Dalam keadaan seperti itu, dalam keadaan kemungkaran dan kedurhakaan terjadi di mana-mana di hadapan mata kepala, Nabi shallallahu alaihi wasallam yang ditopang oleh wahyu Allah tidak bersikap gegabah dalam mengingkarinya. Kita semua telah mengetahui bahwa sedikit pun tidak pernah disebutkan dalam buku-buku sejarah bahwa beliau membakar rumah-rumah tempat perzinahan, merobohkan kedai-kedai penjual minuman keras, atau membunuh para pelaku sihir kala itu. Beliau justru mengumpulkan para sahabat beliau di daarul arqam dan mengajari mereka wahyu Allah sedikit demi sedikit. Hasilnya, memang tidak akan terlihat sehari atau dua hari, satu atau dua bulan, bahkan satu atau dua tahun, namun membutuhkan waktu bertahun-tahun lamanya dalam mengambil sikap efisien untuk mengubah jahiliah menjadi masyarakat madaniah.

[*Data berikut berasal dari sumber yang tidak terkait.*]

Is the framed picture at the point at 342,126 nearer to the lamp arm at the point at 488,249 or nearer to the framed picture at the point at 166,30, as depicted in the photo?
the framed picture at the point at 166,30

Bandingkanlah jika Nabi shallallahu alaihi wasallam mengambil jalan pintas dengan mengeluarkan seluruh kekuatan beliau, untuk memberantas kemungkaran di kota Mekkah saat itu. Hari demi hari, bulan demi bulan, tahun demi tahun, kemungkaran mungkin akan tetap ada, dan sumber daya terbatas yang dimiliki kian berkurang dan pasti habis. Dan pada akhirnya perubahan yang terjadi pada umat tidak akan tercapai sebagaimana mestinya. Oleh karena itu, bukankah dakwah daarul arqam sangatlah efisien saat itu? Melihat perubahan yang terjadi beberapa tahun setelahnya ketika Nabi shallallahu alaihi wasallam mendirikan Negara Islam di kota Madinah An-Nabawiyyah.
Dalam sebuah perjalanan ibadah haji yang dilakukan oleh Umar bin Khattab radiyallahu anhu. Beliau mendapati beberapa orang sahabat sedang berkumpul di bawah sebuah pohon. Karena penasaran, Umar kemudian bertanya kepada mereka perihal apa yang mereka lakukan di tempat tersebut.
Salah seorang sahabat mengatakan “kami sedang berkumpul di bawah pohon yang dianggap merupakan saksi bai’at Ar Ridwan yang disebutkan di dalam Al Quran sebelum Nabi shallallahu alaihi wasallam membebaskan kota Mekkah”. Mendengarkan alasan tersebut, Umar radiyallahu anhu mengetahui akan ke mana alur perbuatan tersebut dari orang-orang yang datang setelah mereka jika dibiarkan begitu saja. Beliau kemudian memerintahkan para sahabat radiyallahu anhum untuk menebang pohon tersebut agar tidak menjadi wasilah syaitan untuk menjerumuskan seseorang ke dalam lembah syirik, khurafat, dan bid’ah.
Bisa dibayangkan jika Umar mengambil keputusan dengan melarang para warga untuk mendekati pohon tersebut. Berapa lama hidup Umar setelahnya? dan apakah orang yang datang setelahnya akan meneruskan kebijakannya atau tidak? Contoh kisah ini ternyata mengajarkan bahwa efisien juga dapat diperoleh dalam waktu singkat. Dan hal ini bergantung pada kebijakan terbaik yang diambil oleh seseorang.
Maka, di manakah kita dari sikap efisien?
Contoh tahunan, masuknya bulan rabiul awal, sudah menjadi agenda tahunan pembahasan perayaan maulid Nabi Muhammad shallallahu alaihi wasallam dan akan digelar di mana-mana. Begitu pula pembicaraan, diskusi sampai debat kusir akan kembali terulang di media-media sosial yang ada. Atau saat masuknya tahun baru hijriah, tanggal 15 dari bulan sya’ban, dan berbagai macam perayaan tahunan yang terus menerus berulang sepanjang tahunnya. Ini semua bukti nyata kalau kita mungkin belum mengambil langkah yang efisien dalam mengingkari kemungkaran yang ada di tengah masyarakat kita. Yang menjadi tanggung jawab bersama untuk mencari formula terbaru dengan tingkat efisiensi tertinggi dan mendapatkan hasil yang semaksimal mungkin.